I totally get it! The last thing u want is to upset sweet baby lulu! I hope one day u take the plunge and do it, but it's only for my own selfishness so I can live vicariously through you. Haha

Sent from Petguide.com Free App


----------



## pigeonsheep (Nov 8, 2008)

I lovvveeeee that fuschia one! One disadvantage about lh chis are none of their collars show...lol


----------



## lulu'smom (Jan 4, 2012)

Zorana1125 said:


> I totally get it! The last thing u want is to upset sweet baby lulu! I hope one day u take the plunge and do it, but it's only for my own selfishness so I can live vicariously through you. Haha
> 
> Sent from Petguide.com Free App


Oh, Zorana, you're such a sweetheart!! :flower:


----------



## KrystalLeigh (Aug 17, 2011)

Both collars are gorgeous! Can't wait to see them on Mimi and Leo. I like the thicker look. 
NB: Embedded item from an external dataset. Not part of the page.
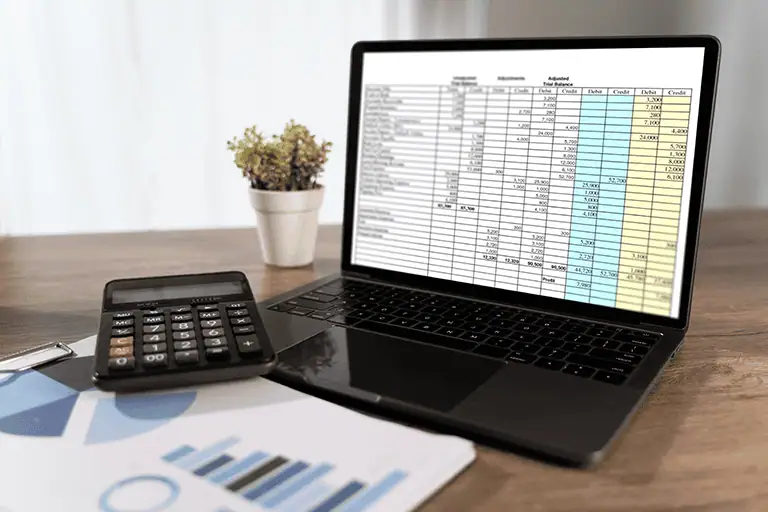 Laptop screen showing a financial report with calculator and business chart, representing analysis of disputed royalty payment records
Sent from Petguide.com Free App


----------



## teetee (Aug 25, 2011)

Your nails are gorgeous! I am so envious. Here a manicure is around $50, a full set around $120, and a fill around $75.....ughhhhhh! Yours a beautiful and I love that color.


----------



## sammyp (Jun 14, 2011)

Hunter as in the people that make the wellies? Love them they are very nice x


----------



## quinnandleah (Sep 28, 2011)

Very nice collars.


----------